Washington President Bush clearly adores his wife. But his efforts to put that admiration on public display do not always hit the mark.
Warming up an audience in Charlotte, N.C., the president praised Laura Bush's performance as first lady and offered an explanation for her absence. "It's been raining," Bush said, "so she needs to sweep the porch" of their Texas ranch ahead of a visit by the president of China.
The comment apparently earned Bush no points with his wife. Mrs. Bush, standing with the president Friday on that very porch waiting for President Jiang Zemin, was asked if she appreciated it. She shook her head and mouthed, "No."
The president then passed the blame on to the press which widely publicized the remark for getting him in trouble at home.
Bush's joke last week got big laughs from his Southern Republican audience so much so he repeated it at his two later speeches. But the remark and other aspects of his standard refrain about his wife hint for some at the bad old days of barefoot-and-pregnant references to women.
"It would have been funnier coming out of Bill Clinton's mouth than a George Bush, because we were all so aware of the work Hillary Clinton was doing," said Martha Burk, chair of the National Council of Women's Organizations. "Perhaps he's trying to avoid the so-called Hillary backlash.
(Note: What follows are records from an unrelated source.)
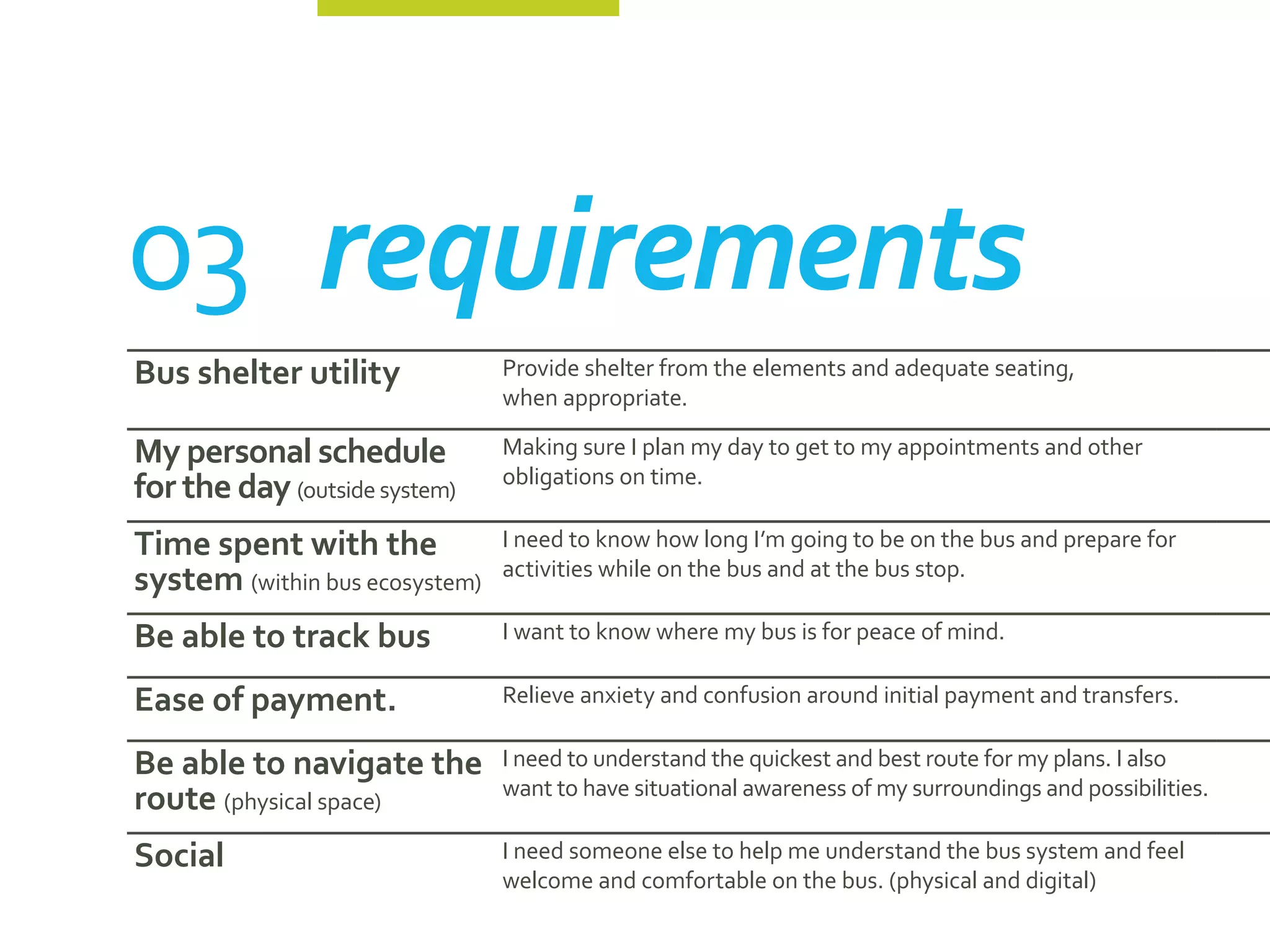 03	requirements
Bus shelter utility             Provide shelter from the elements and adequate seating,
                                when appropriate.

My personal schedule            Making sure I plan my day to get to my appointments and other
                                obligations on time.
for the day (outside system)
Time spent with the             I need to know how long I’m going to be on the bus and prepare for
                                activities while on the bus and at the bus stop.
system (within bus ecosystem)
Be able to track bus            I want to know where my bus is for peace of mind.

Ease of payment.                Relieve anxiety and confusion around initial payment and transfers.

Be able to navigate the         I need to understand the quickest and best route for my plans. I also
                                want to have situational awareness of my surroundings and possibilities.
route (physical space)
Social                          I need someone else to help me understand the bus system and feel
                                welcome and comfortable on the bus. (physical and digital)
 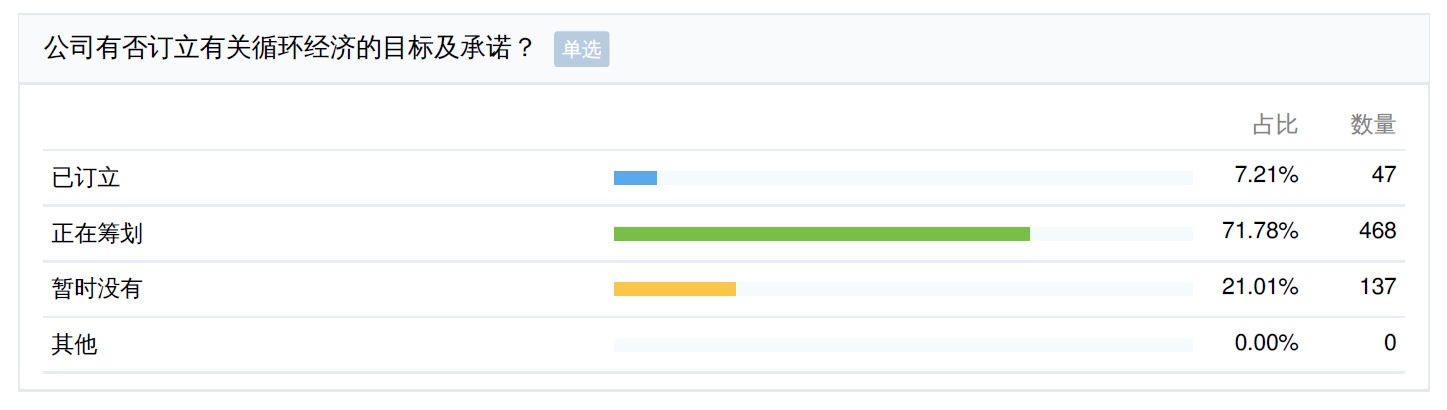 2  Kingfa survey_Final_2.jpg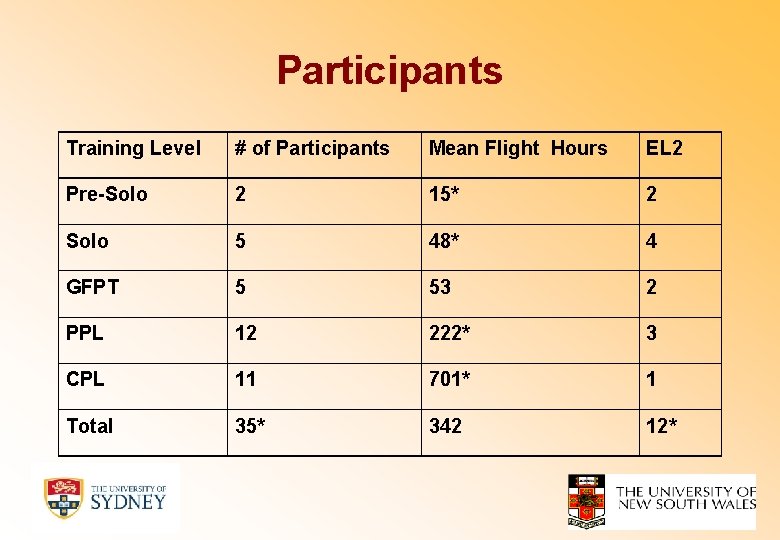 Participants Training Level # of Participants Mean Flight Hours EL 2 Pre-Solo 2 15*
No one can argue with home, hearth and family, and that's what this is all about."
When on the road particularly in political settings Bush nearly always gives his audiences an update on his popular wife.
He starts out by telling the crowd they "drew the short straw" by getting him instead of her. He then likes to declare that he and the politician (usually a man) for whom he is campaigning both married above themselves, and that people are probably surprised that Laura Welch said yes to his proposal.
The president also often offers a glimpse into her whereabouts: just talked on the phone with her, saw her waving from the White House balcony as he left, she is opening a museum.
He typically ends by recalling that when they dated, his now-wife was a public school librarian who did not like politics and "didn't particularly care for politicians." Now, as he told a Republican rally Thursday in Auburn, Ala., "she is the first lady of the United States and she is doing a fabulous job. I'm really proud of her."
Proud or patronizing?
Recently, elaborating on what she has brought to the job, Bush cited his wife's calm, steady nature and deep caring for their two daughters.
"She's got a great smile," he said in Maine. "She's a class act" was the description in Boston.
The expressions of pride strike some as more patronizing than complimentary. Burk, while recognizing Bush's attempts at self-deprecating humor, lamented the lack of reference to Mrs. Bush's intellectual contributions.
"He is not mentioning any substance at all," she said. "He should build her up for the serious work she is undoubtedly doing."
White House communications director Dan Bartlett acknowledges that what Bush intends to get across is not always what comes out.
"It's kind of his folksy approach to communicating," Bartlett said. "It's out of a deep admiration and respect for her."
Indeed, he more often than not will also tell his audiences that "I love her dearly." At a White House Cinco de Mayo celebration in May, he nodded to the first lady, sitting in the front row, as "mi esposa, mi amor" my wife, my love.
Every once in awhile
And it must be noted that the first lady is no shrinking violet.
Just days before her husband took office, she stated that she did not think the landmark Roe v. Wade abortion-rights ruling should be undone, despite the president's strong opposition to abortion
During a behind-the-scenes television special on the White House last winter, Bush told NBC News anchor Tom Brokaw that his attitude toward critics of his sometimes cowboyish vernacular was: "too bad." But he allowed that Mrs. Bush clearly disapproved of the sound bite in question a "not over my dead body" tax pledge and got a totally different response. The president's obedient reply to her: "Yes, ma'am."
Mrs. Bush also revealed during the program that she speaks up "every once in awhile" about her husband's language-mangling. "Those every-once-in-awhiles are pretty blunt," the president commented.
"She calls the shots," Bartlett said. "There's a perception of her as being the quiet one. But she keeps him in his place. She always has a sharp retort when it's needed."